+++ Records for processing

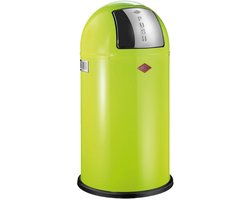 WESCO Pushboy Prullenbak | 50 Liter | Metaal - Limoengroen | Vuilnisbak - Made in Germany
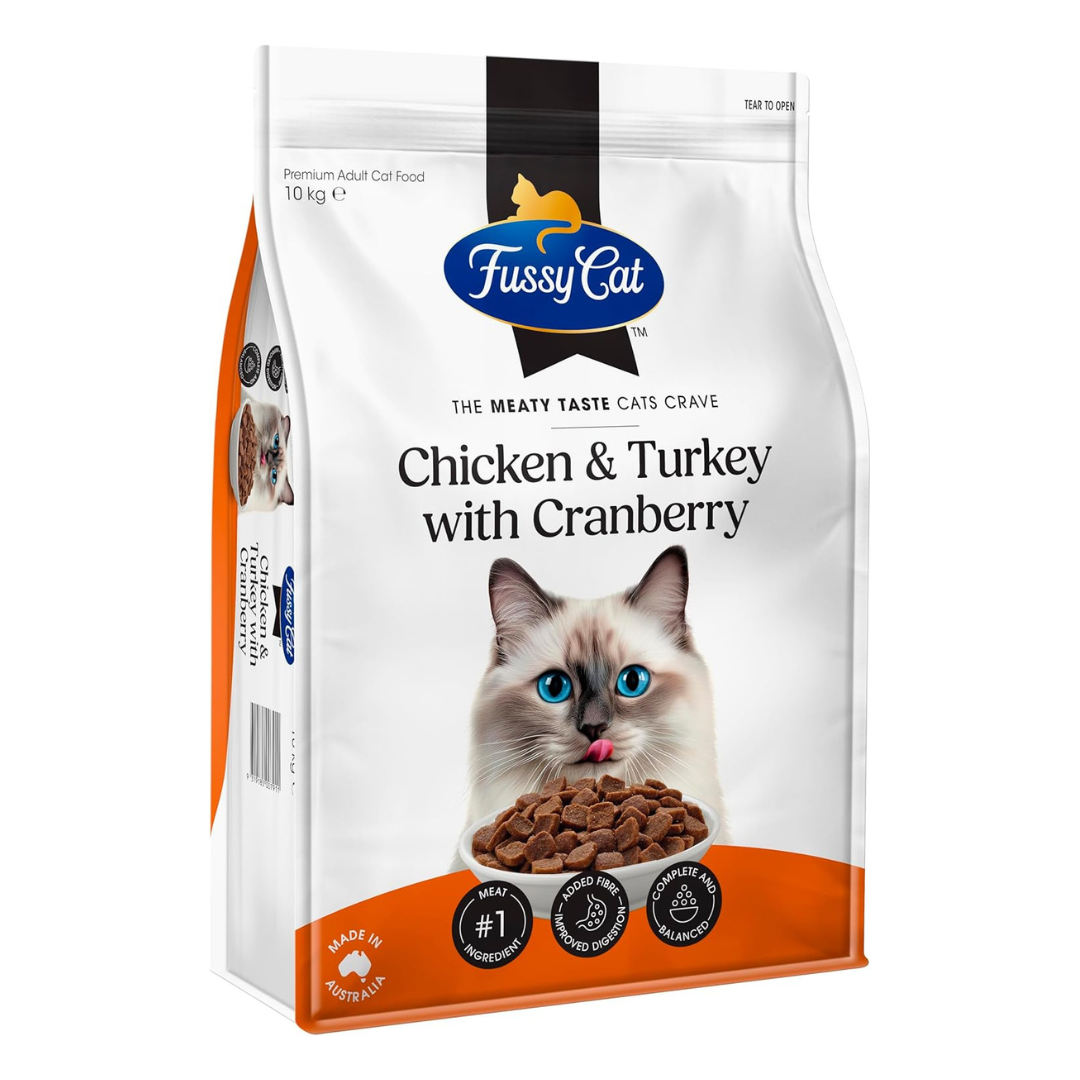 Fussy Cat cat food package 10kg with a cat on the label on a white background at Pet Servo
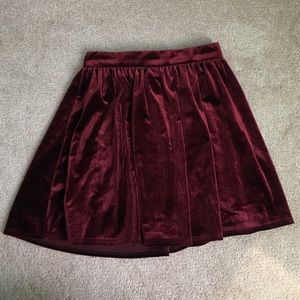 Garage red wine burgundy velvet mini skirt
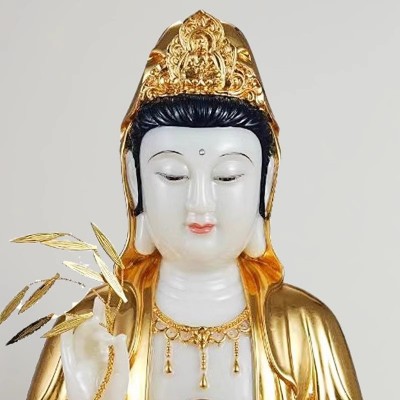 汉白玉观音佛像贴金家里供奉南海观世音菩萨坐莲观音家用佛堂摆件图4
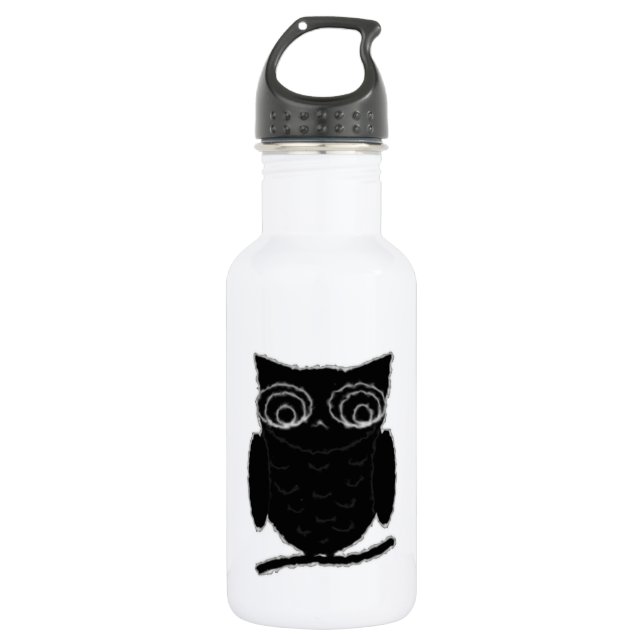 Inkblot Owl Stainless Steel Water Bottle (Front)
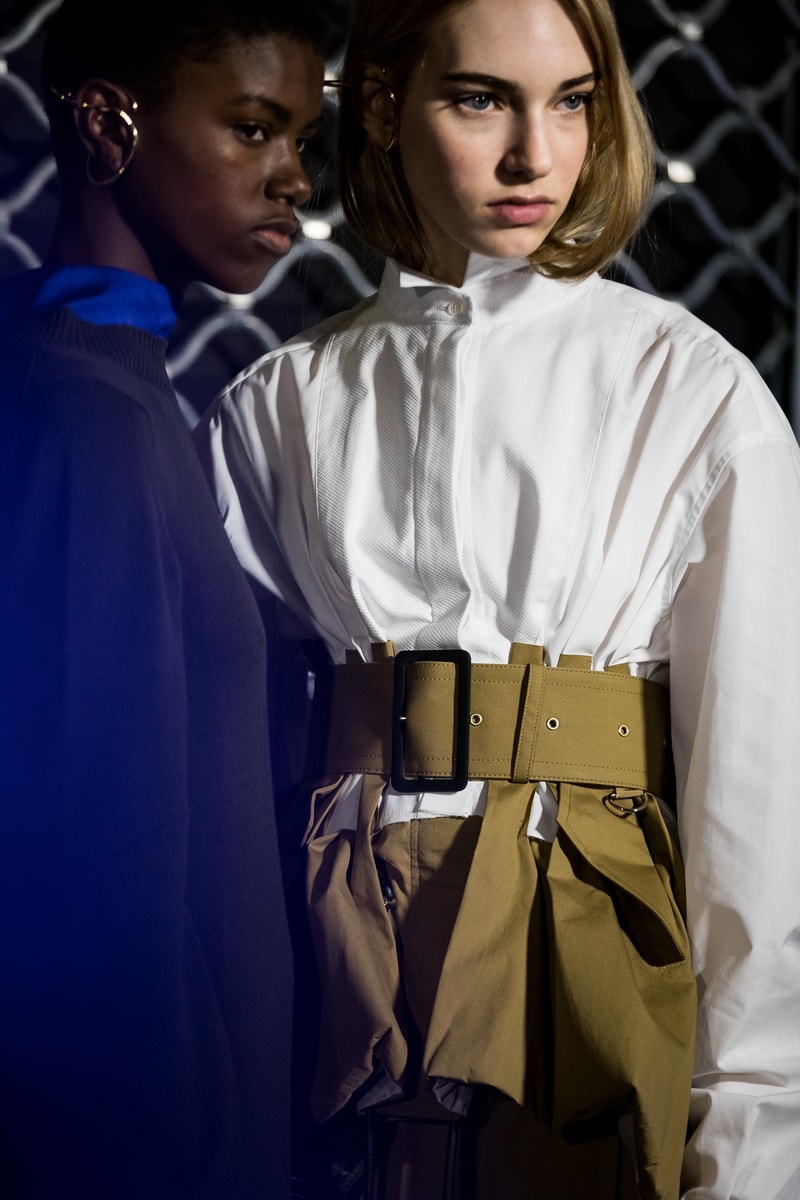 Backstage at Sacai FW19 at Paris Fashion Week Chitose Abe Kaia Gerber Binx Walton Fall Winter 2019 Behind The Scenes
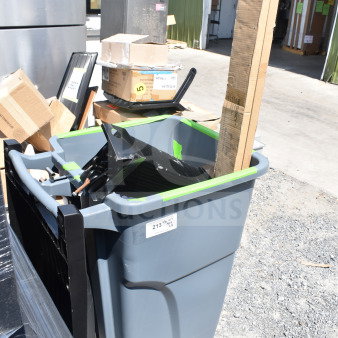 Brand new scratch and dent items including trash can, plates, and posts. Item price multiplies by bid, visible wear.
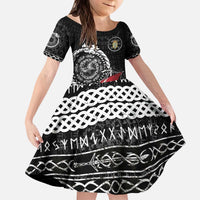 Personalized Viking Denmark Kid Short Sleeve Dress Danish Viking Ship
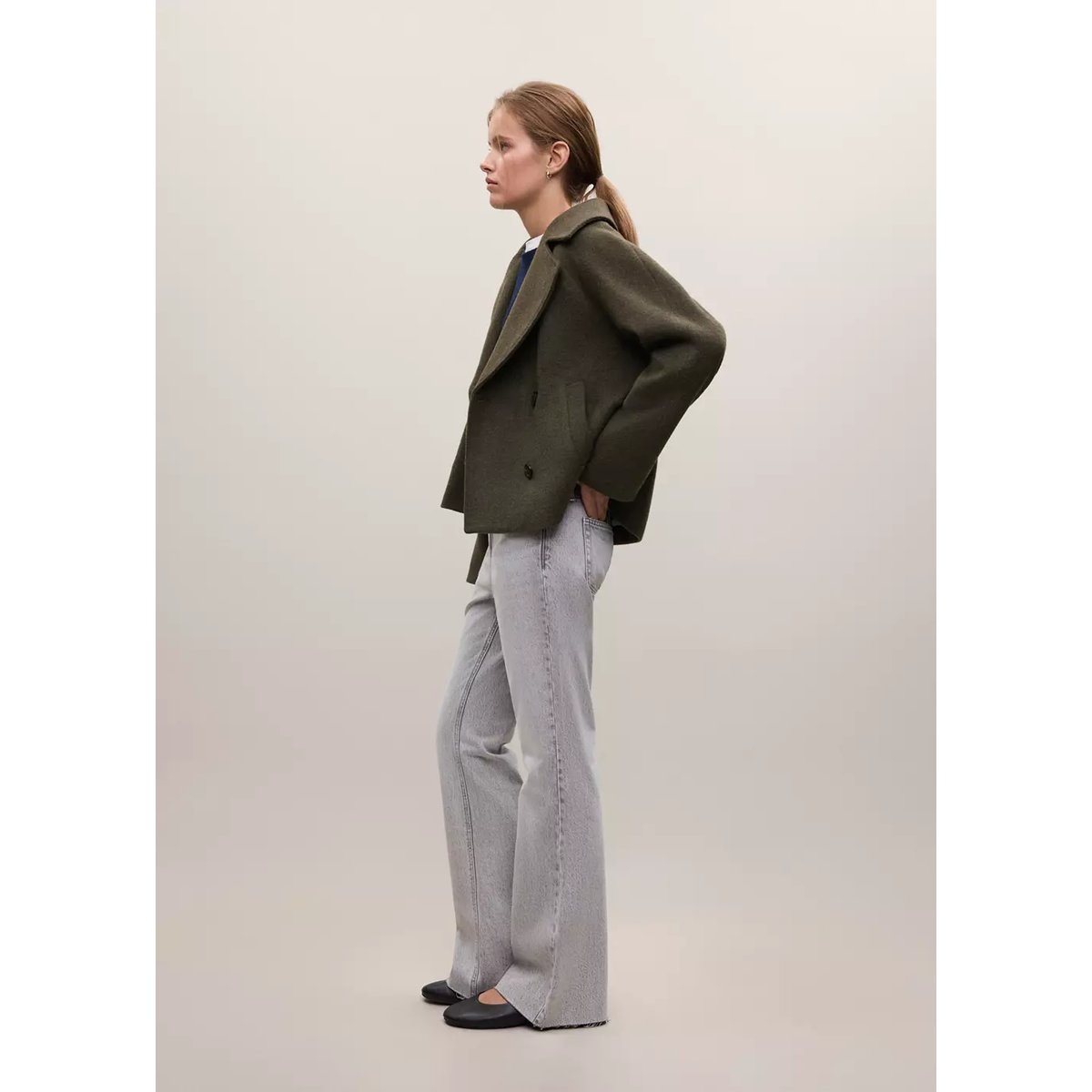 Manteau laine mélangée double boutonnage kaki, MANGO TEEN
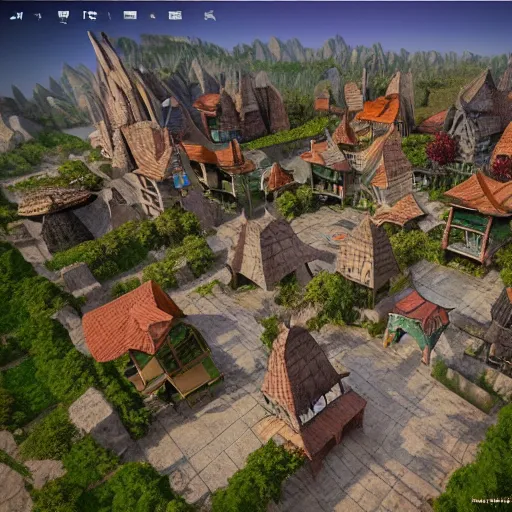 Image similar to vexel map of a fantasy world town : : terrain cartography, fantasy aesthetic, autodesk 3 d rendering, v - ray collection, maverick studio, arnold 3 d render, blender render, indigo renderer, redshift render, enscape render, maxwell render, luxcorerender, renderman, lumion render, marmoset render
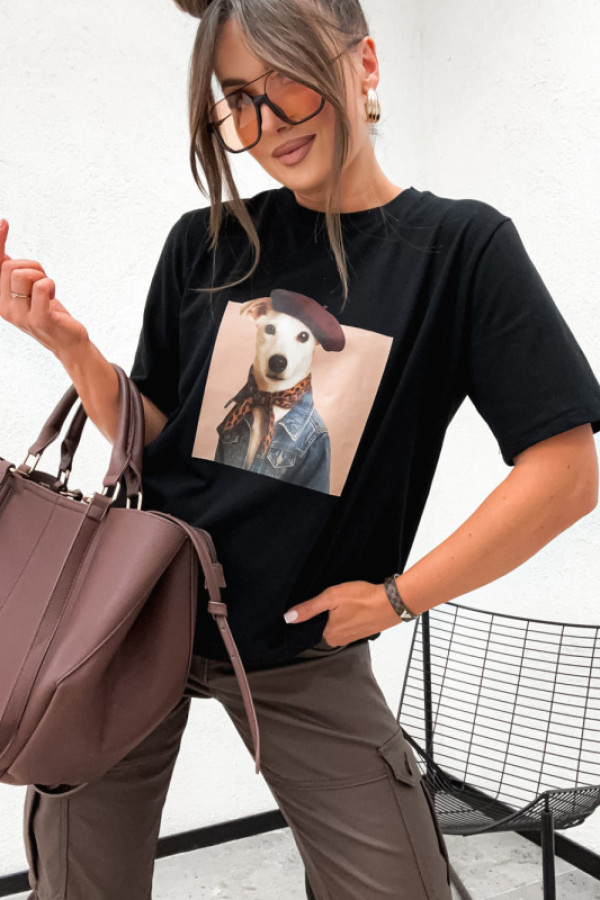 Tshirt benny franchi puppy trend allert black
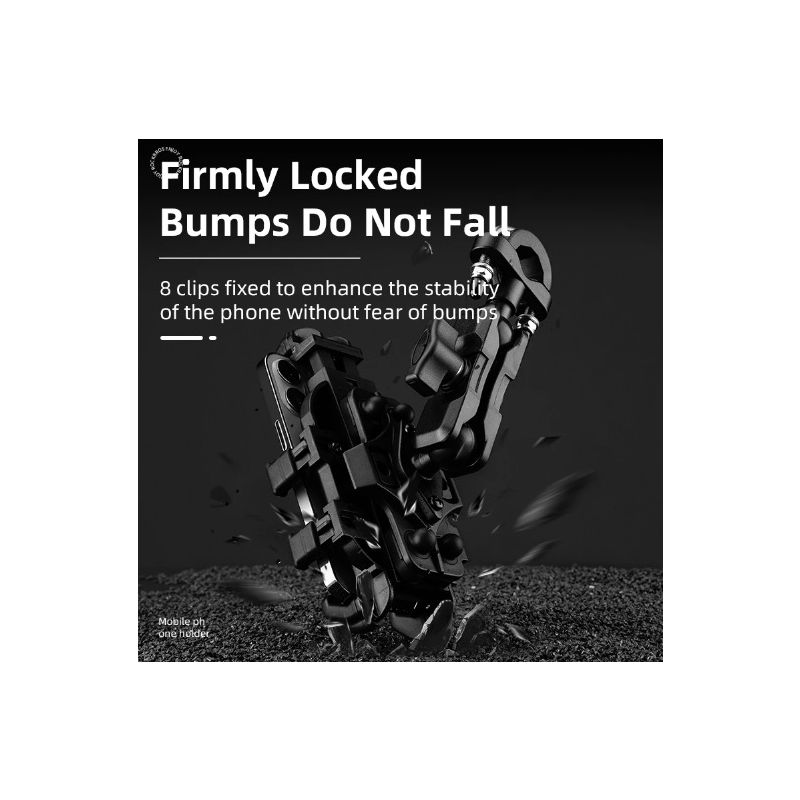 ROCKBROS Telefonhalter Fahrrad-Zubehör drehbarer Handyhalter mit robuster Aluminiumstruktur und Silikon Stoßdämpfung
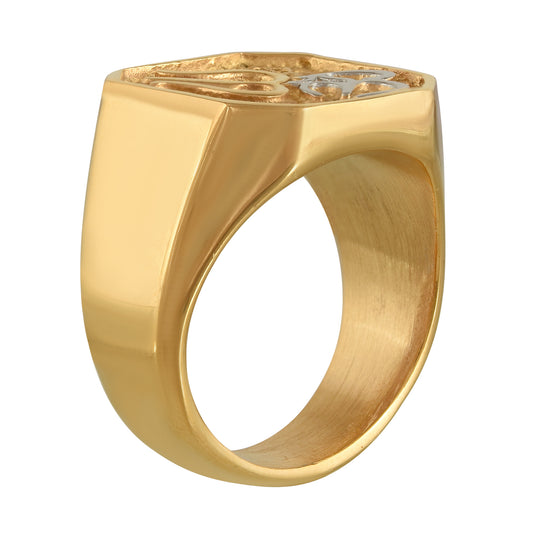 Brass Gold plated thick heavy OM Trishul dual tone finger ring Men (ORAJ3201)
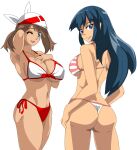 2_girls alluring ass big_breasts bikini blue_eyes blue_hair brown_hair dawn dawn_(pokemon) fallere825 may may_(pokemon) pin_up pokemon pokemon_(anime) pokemon_dppt pokemon_rse posing striped_bikini white_background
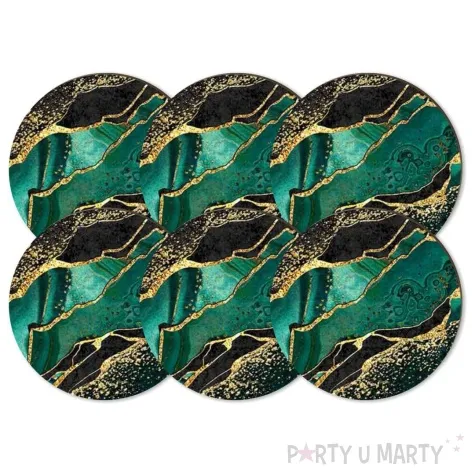 podkladki drewniane marmur malahitowa zielen 6 szt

++++++

Instructions to follow:
Starting at the line that contains "ROCKBROS Telefonhalter Fahrrad-Zubehör", retype every line through the end of the material exactly as written, including both end lines but no pictures.

Final answer:
 ROCKBROS Telefonhalter Fahrrad-Zubehör drehbarer Handyhalter mit robuster Aluminiumstruktur und Silikon Stoßdämpfung
 Brass Gold plated thick heavy OM Trishul dual tone finger ring Men (ORAJ3201)
 2_girls alluring ass big_breasts bikini blue_eyes blue_hair brown_hair dawn dawn_(pokemon) fallere825 may may_(pokemon) pin_up pokemon pokemon_(anime) pokemon_dppt pokemon_rse posing striped_bikini white_background
 podkladki drewniane marmur malahitowa zielen 6 szt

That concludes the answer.